Notes on Using Git for an Introduction to Software Engineering

Git is a popular distributed version control system used by many software projects. It keeps track of all the different versions of files and folders in a project in a way that allows multiple people to copy and share. It was originally by Linux Torvalds, famous for being the originator of Linux, who created it as the version control system for the Linux operating system source code.

Software

These notes assume you are using the following software:

  • Ubuntu Linux. You can run Ubuntu as a virtual machine (e.g. using VirtualBox) on a Windows or Mac computer. Software like SFU Vault, or DropBox is an easy way to share files with it and your other computers.
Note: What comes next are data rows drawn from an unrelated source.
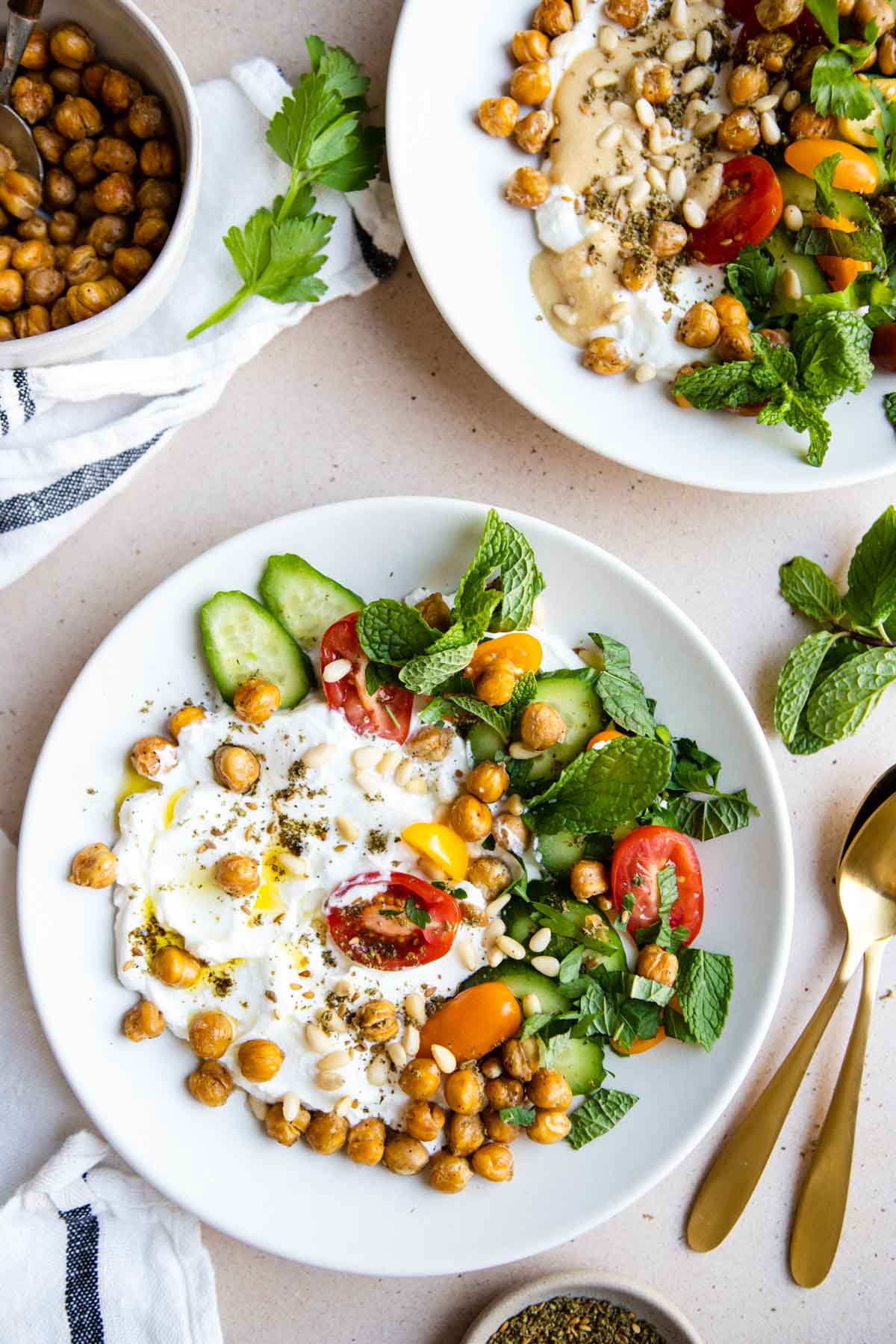 2 white bowls filled with Greek yogurt and savory veggie toppings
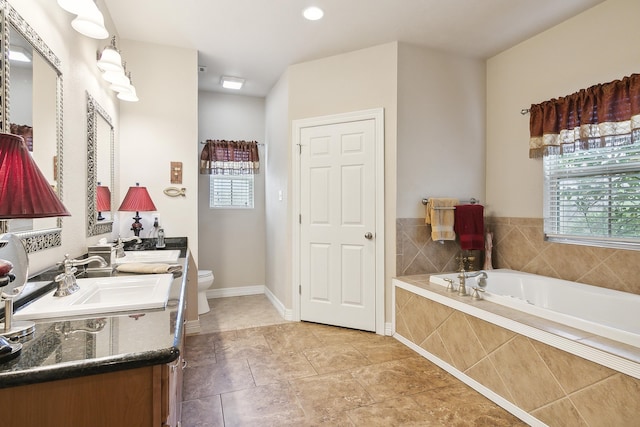 bathroom featuring tiled tub, vanity, and toilet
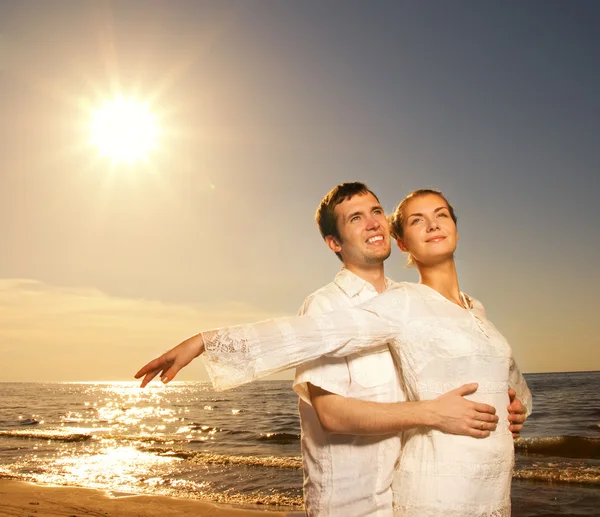 美丽的年轻夫妇轻松附近海域在日落时 — 图库照片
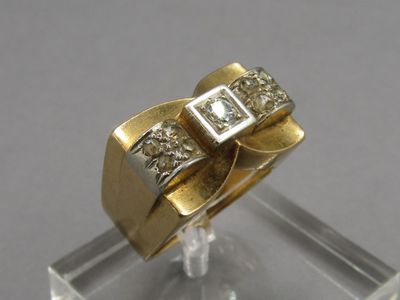 a gold and diamond ring on a clear display case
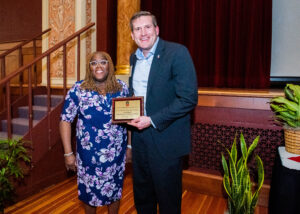 Jason Rhode accepts the SPS Award for Partnership and Collaboration at the Spring 2022 Staff Awards Recognition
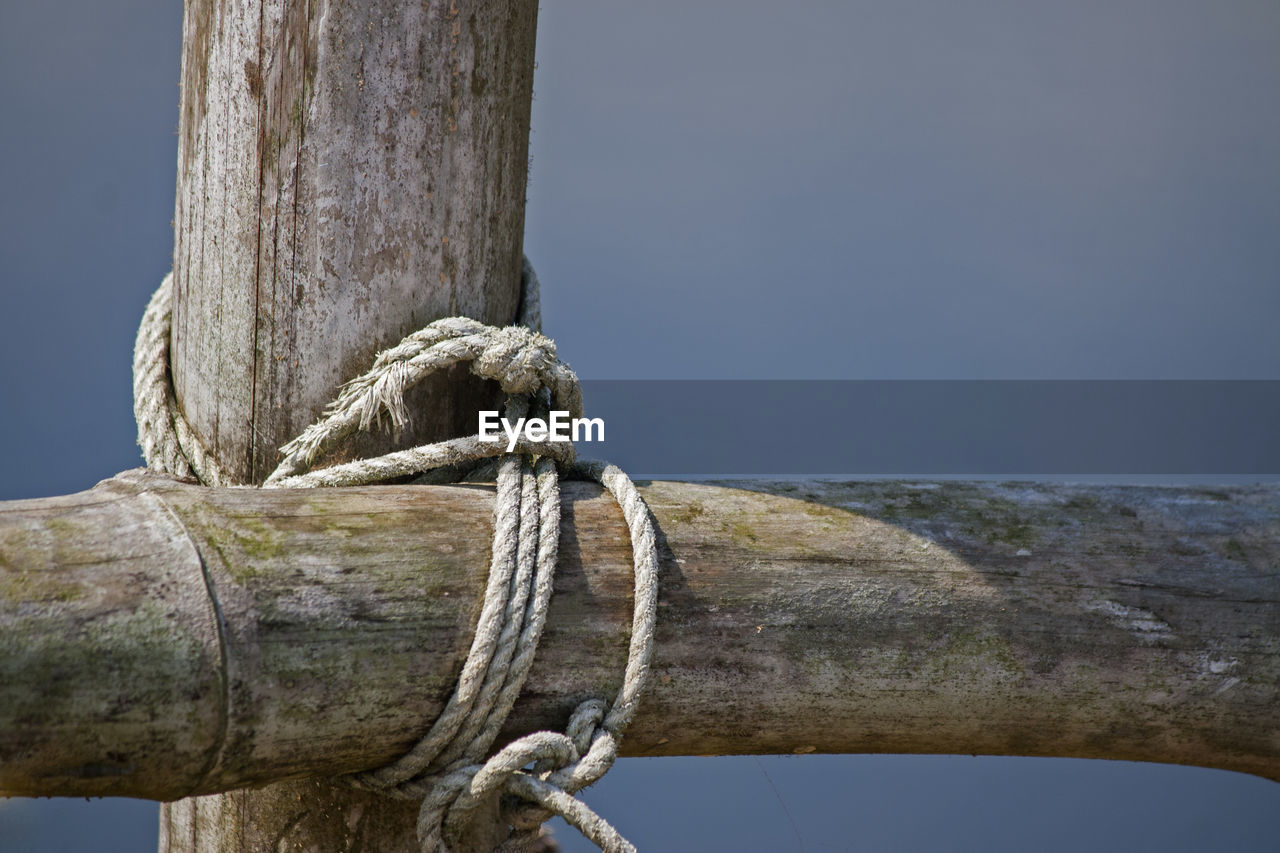 Close-up of rope tied on wooden post against sky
  • Git. To install git on Ubuntu Linux, use the following command in the terminal:

    $ sudo apt-get install git-core
    

    After it installs, check that it works by running this command:

    $ git --version
    git version 2.17.1
    
  • Sublime Merge. This is optional, but many people like it (or similar visual tools). Sublime Merge is a graphical Git browsing tool that gives a visual overview of your Git repositories, and helps with branching, merging, and committing.

Reference Book

We’ll be referring to the free book Pro Git in these notes. Be sure to bookmark it, and download a copy of the PDF.

Git Basics

Please read Chapter 1.1 of Pro Git to get a good overview of version control software and what it does.

Essentially, you can think of a Git repository as a super-charged file system. A regular file system stores only the current files and folders, while Git also saves all previously committed files and folders. You can (relatively!) easily check out previous version of the entire file system (using branches or tags), or previous, updating, and processing all the versions of your work.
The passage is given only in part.